After high school, Isdell headed to South Africa to attend the University of Cape Town, where he received a degree in Social Science and qualified to become a social worker. During that time he gained practical experience working with local communities. Repulsed by the inequality he encountered there, he ran for student council on an anti-apartheid agenda—and won.
Isdell ultimately decided to pursue a career in business instead of social work, but he carried his burgeoning sense of civic responsibility with him into the private sector, starting with his first job at a Coca-Cola bottling plant in Kitwe, the second-largest city in Zambia.

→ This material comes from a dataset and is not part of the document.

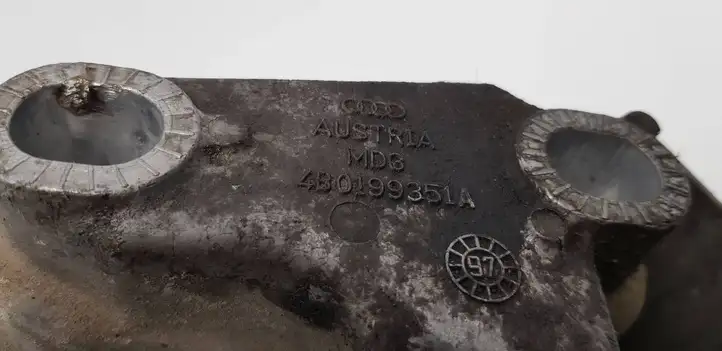 Audi A6 S6 C5 4B (2001 - 2004) 4B0199351A Кронштейн двигателя — фото 3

His boss at the company, a man named Maurice Gersh, was both owner of the plant and mayor of the city, and that dual role left a lasting impression on Isdell. As Coca-Cola bottler and mayor, Gersh worked hard to make the company an integral part of the community. In subsequent years, that relationship between companies and the people they serve became a touchstone of Isdell’s business philosophy. He had grown up on a continent where many people lacked clean water, shelter, or food. Increasingly he asked himself how a business could thrive in the long term when its customers and employees were struggling to meet basic needs.
“I saw that companies could be and should be concerned about the world that they live in,” says Isdell. “If you’re going to solve any major problem—whether it’s social injustice or environmental degradation—you need all three parts of the triangle: civil society, government, and business.”
After several years of progressive promotions in Zambia and South Africa, Isdell left Africa and quickly worked his way up the corporate ladder. He began as Coca-Cola’s regional manager in Australia before transferring to the Philippines, where he took the company’s operations there from being outsold two-to-one by Pepsi to outselling their chief competitor by an equal margin. Next, he became head of Coca-Cola in Central Europe, and then transferred to the global headquarters in Atlanta to become group president for 79 countries from Eastern and Northern Europe to the Soviet Union, Africa, and the Middle East. In the 1990s, he helped navigate the company from the fall of the Berlin Wall to market leadership in all former Communist countries, earning him the moniker “Coke’s Indiana Jones” from the Wall Street Journal. He ultimately retired to Barbados at the age of 58.
In all that time, Isdell never forgot Maurice Gersh. Deep down, he still harbored the desire to show what a leader like Gersh could accomplish—for business, communities, and nature—if he had the resources and influence of a modern-day executive at his disposal. He got his chance in 2004, when The Coca-Cola Company invited him to return as Chairman and CEO.